Feedback loops between the real, financial, and fiscal sectors could amplify the impact of these shocks. A continued low growth outlook with rising unemployment would worsen the financial situation of households and firms, resulting in higher NPLs in banks’ loan portfolios as well as portfolio rebalancing by foreign investors and domestic non-bank institutions, which would reduce liquidity and increase funding costs for banks. Under these circumstances, banks would likely curtail credit, further exacerbating the growth downturn. Staff estimates suggest that, for instance, following a one percentage point decline in GDP growth, the NPL ratio would increase by 0.5 percentage point. This would in turn dampen credit growth by 2 percentage points (Annex VI. Macro-financial Linkages in South Africa). Lower growth and weaker bank profitability would also have sizeable implications for tax revenues. To maintain debt sustainability, further fiscal adjustment would be required, thus imparting an additional negative impulse to growth.
Policies to lift growth, permit more gradual fiscal adjustment, and increase resilience
With fiscal and monetary policy space constrained by rising government debt and the need to maintain inflation within the target band, the priority to stimulate economic growth and job creation rests with structural reforms, especially in labor and product/service markets. To the extent the authorities succeed in doing so, there will be an opportunity to reduce the pace of fiscal adjustment.

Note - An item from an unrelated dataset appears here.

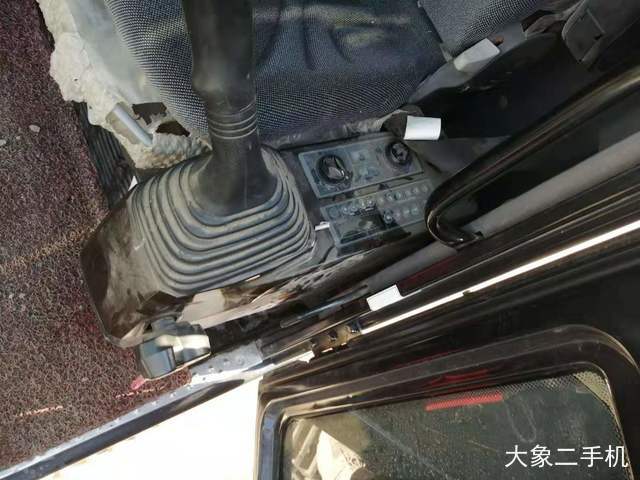 三一重工 SY95C-10 挖掘机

An early start in undertaking such reforms would also reduce the likelihood of extreme downside risks materializing.
Monetary and Financial Sector Policies
Bringing to fruition ongoing reforms of prudential regulation and the resolution framework is expected further to buttress financial sector resilience. The authorities have made progress in implementing the 2014 IMF FSAP recommendations (Annex IX), particularly on modernizing the macro-prudential framework, including the introduction of “Twin Peaks” and resolution regimes. These reforms will likely increase financial stability by removing regulatory gaps and reducing implicit contingent liabilities from the banking sector. The Financial Sector Regulation bill to execute the Twin Peaks reform is likely to be approved and implemented in 2017, and the Designated Institutions Resolution bill to introduce the new resolution regime is expected to be submitted to parliament in late 2017. In this context, National Treasury and the SARB published for public comment a policy document on an explicit, privately-funded deposit insurance scheme. The SARB is also working toward an enhanced macro-prudential framework, including the addition of new tools such as countercyclical capital buffers, sectoral capital requirements, dynamic provisioning, as well as leverage and liquidity ratios. Moreover, the tightening of credit standards that began in 2015 has helped to correct past frothiness in the market for credit to households; slow consumption growth reflects not only these measures, but also an appropriate, continued reduction in the indebtedness of many overstretched households. A third draft on the OTC derivative regulatory framework will be reviewed by National Treasury and the SARB in 2017. However, limited progress has been made on the reform of collective investment schemes, promotion of fair competition and financial inclusion, and better consumer protection.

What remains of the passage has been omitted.